Advanced Game Theory for Blockchain Resource Mining

Resource mining hashes are moving and consist of multiple stakeholders, cross-playing roles, and an abundance of data that the average person would have no chance to sort through independently. The withdrawals on this platform are quick with extraordinary security. If you are looking for a reliable trading platform, you may visit Quantum Ai Trading – Official & UPDATED Site 2022

The best way to address this is through game theory — a science that can be applied to many fields, including finance and tech. In the below-mentioned portion, we will give you some advanced strategies on how blockchain resource mining games can be run optimally using game theory. Resource mining games are essentially mini-games with contract cards (the product) where players may win different in-game tokens by playing the game correctly based on which product the player receives.

Players participate in these resource-mining games by sending resources (e.g., Funds) to the blockchain contract in exchange for tokens (or a mixture of both). As you can see, there are many ways to play these games — some cooperative, some competitive. The purpose here will be to discuss the best strategies for playing these games and optimize your chances of winning.

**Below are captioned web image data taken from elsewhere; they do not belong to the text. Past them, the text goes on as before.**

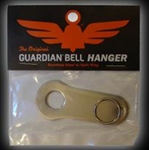 David Mann Guardian Bell Hanger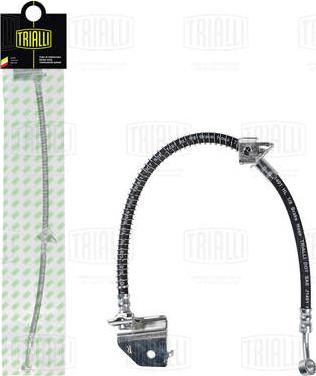 Trialli BF 0809 - Brake Hose car-mod.net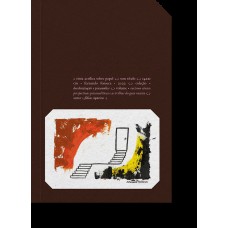 Racismo cínico Racismo cínico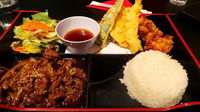 Taku Japanese Kitchen - Geraldton Accommodation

Resource mining games allow users to earn tokens on multiple fronts. The more complex networked systems that these games are based on reward more players in the end. We will start with a simple example (dice game), as it provides an easy way to learn about game theory and its application in this field.

One-Attacker Mining Optimization:

In this section, we will determine the optimal strategy for an attacker to obtain the maximum gain by varying the mining and attack duration. In our example, we assume that 1% of the network participates in the gaming process.

It effectively means that the attacker can potentially “game” the system with a small number of miners if each miner performs their mining operation for a short duration. So, this particular attack may be considered an “optional attack” on a single miner through an intelligent contract with a small amount of computational power.

Using game theory to analyze two or more actors’ decisions, we can predict whether these actors, who are engaged in a given situation or interaction, are likely to behave in specific ways and take certain actions. Here, we will consider the attacker (miner) and the honest miner competing to gain the maximum possible profit. Finally, we will analyze the interaction between these two miners during mining (attacking) and determine who is more likely to win.

Game theory:

Game theory is a formal approach to modeling conflict and cooperation between intelligent, rational decision-makers. In this post, we used game theory to analyze interactions involving multiple parties in situations with a strategic component. These interactions include competition over limited resources, competition over the division of spoils from a jointly produced good, and strategic voting.

The non-cooperative games are also called zero-sum games because the total value one player takes equals the total sum available for all players.

Two-Player Mining Game:

In the two-player mining game, we will discuss the mining duration under the attack of the rational attacker and the mining duration without attack. We assume a miner has two action choices, i.e., no-attack (NA) and attack (A). If a miner NA, she keeps resources at the end of the game without any token. If she chooses A, her resources are converted into tokens, but if an attacker is present during their mining operations, they get nothing at the end of the game.

Condition 1: The rational number for miners to choose NA is more significant than 0. 5.

Condition 2: The rational number for miners to choose A is more significant than 0.5.

The attacker can earn the maximum gain by choosing A for the whole mining process (t) and choosing NA for a random period (t). This type of attack is optional, and the underlying assumption is that the attacker has limited computational power.

Hence, if the attacker chooses A for a large part of it, they will quickly become exposed to other honest miners working in their default or short timescale. When other honest miners mine on a large scale, the attacker’s mining operation will be quickly exposed by people. Hence, the attacker should choose A for a short period to avoid exposure.

Suppose that an attacker performs an optional attack on a miner who chooses NA (0 < p < 1) and follows her default mining setting (mean-mining). We assume that the honest miner is aware of the possibility of an optional attack and chooses to change their mining duration if they encounter another miner working with a short duration. In this scenario, we assume that the number of short-term miners increases linearly concerning time while all long-term miners follow their default setting.

The above equation implies that if an attacker creates a mining operation with a long duration, they will have to be exposed to all honest miners who are mining on an average timescale. And thus, the attacker will become quickly exposed when other miners begin working on a large scale. If this happens, not only the attacker’s resources are taken by other honest miners, but they are also entirely unable to mine. It is called the “prisoner’s dilemma,” and it is what happens in real life when you attack another person.